狼と香辛料


狼と香辛料 (電撃文庫)

狼と香辛料 (電撃文庫)


 ここ最近、非常に評判が良いシリーズ。
 ライトノベルでありながら、商業、経済を大胆に取り込んだ作品という事で話題になりました。


 経済っても、ファンタジーですのでGNPがどうとか公定歩合がどうとかいう話ではなく。「悪貨は良貨を駆逐する」みたいな、近世ぐらいの経済を主に扱ってる感じ。
 ……いや、私経済詳しくないから適当書いてますけどね(笑)。
 読んでみるとこれが、結構しっくりはまっていてビックリします。それなりに込み入った話なんですが、ちょっと設定偏重型のラノベと同じくらいの感触で、すらすら読めてしまうのが上手いなっていう感じ。
 ラノベの設定とか、ものによっては結構理屈っぽかったりするわけで、そういうのに慣れている読者なら、これくらいの商業・経済への言及なら苦にならないだろうと思えます。これは上手い調理法かも。


 そして、作品の空気も良いですよね。
 技術向上によって存在価値の薄れ、嫌気がさして村から出てきた豊穣の神さまと一緒に旅をする話なんて、いかにも私の好みですし(笑)。その麦の豊穣を司っていた賢狼ホロの描写も、大変魅力的です。
 数百年を生きてきた者の老獪さと、娘らしい可愛らしさとが絶妙なバランスで同居していて。

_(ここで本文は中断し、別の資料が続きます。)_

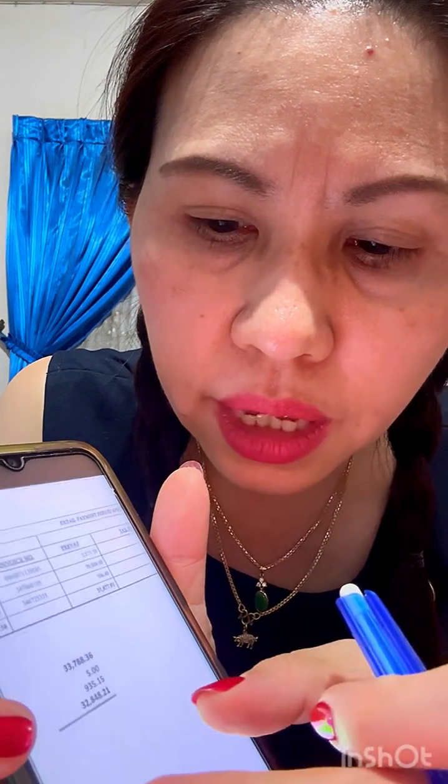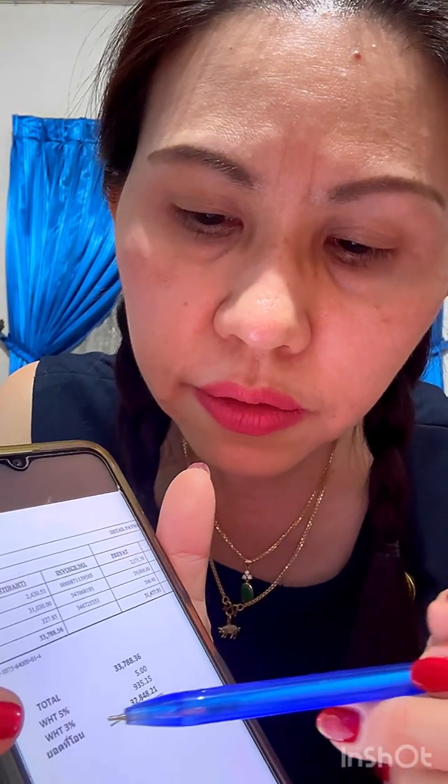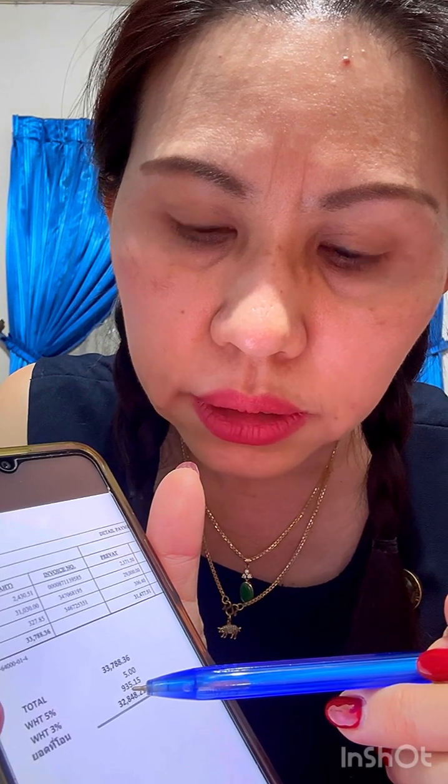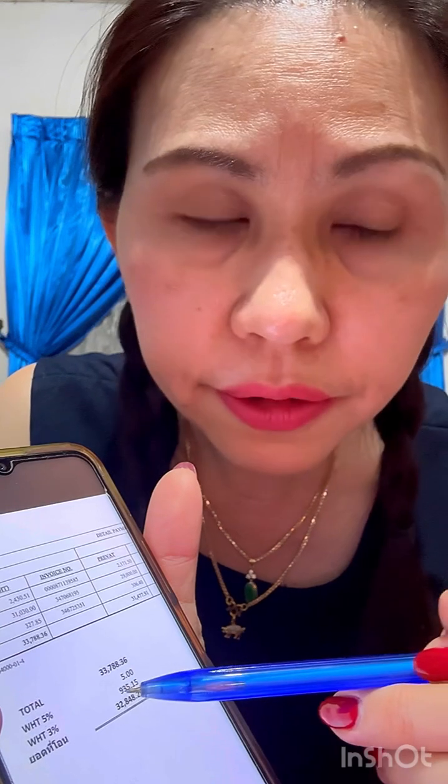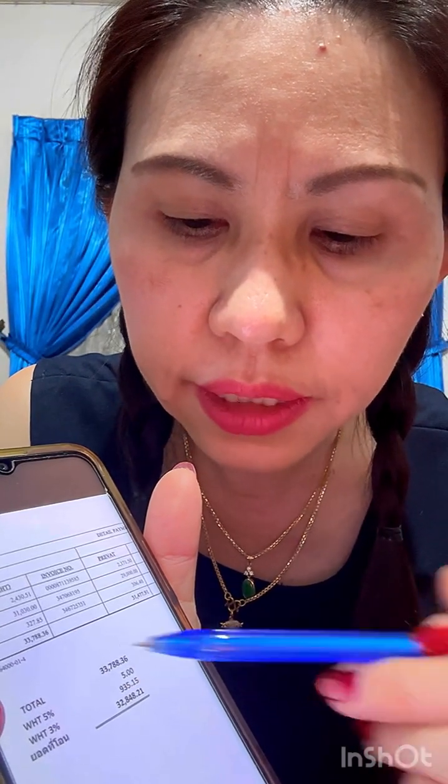29,000 baht at three percentage is 870 baht — it's correct. Billing number three: total amount including 7% VAT equals 33,788 baht and 36 satang. Deduct rental charge withholding tax five percentage: 5 baht, and withholding tax switch charge three percentage: 900 baht — 935 baht and 15 satang.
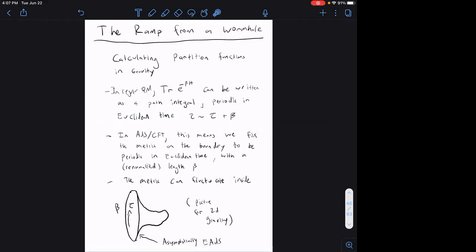Now we're going to get to what I've written as the title: 'the ramp from a wormhole.' But we'll start by just trying to calculate a partition function in gravity. The spectral form factor is two copies of the partition function analytically continued, so to get started let's calculate the partition function Z(β). In regular quantum mechanics, the partition function Tr[e^{-βH}] can be written as a path integral periodic in Euclidean time τ, where τ is periodic in β.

 で、ラストの盛り上げ方ですが、ちょっと過去に読んだ別作品と状況がほぼ同じだったせいで、微妙に乗れなかったのが私的に残念だったかな、と。
 まあでも、普通にレベル高い作品かと。
 空気感も良いし、あまりない構想の話だから新味もあるだろうし。読んでみて損はないと思います。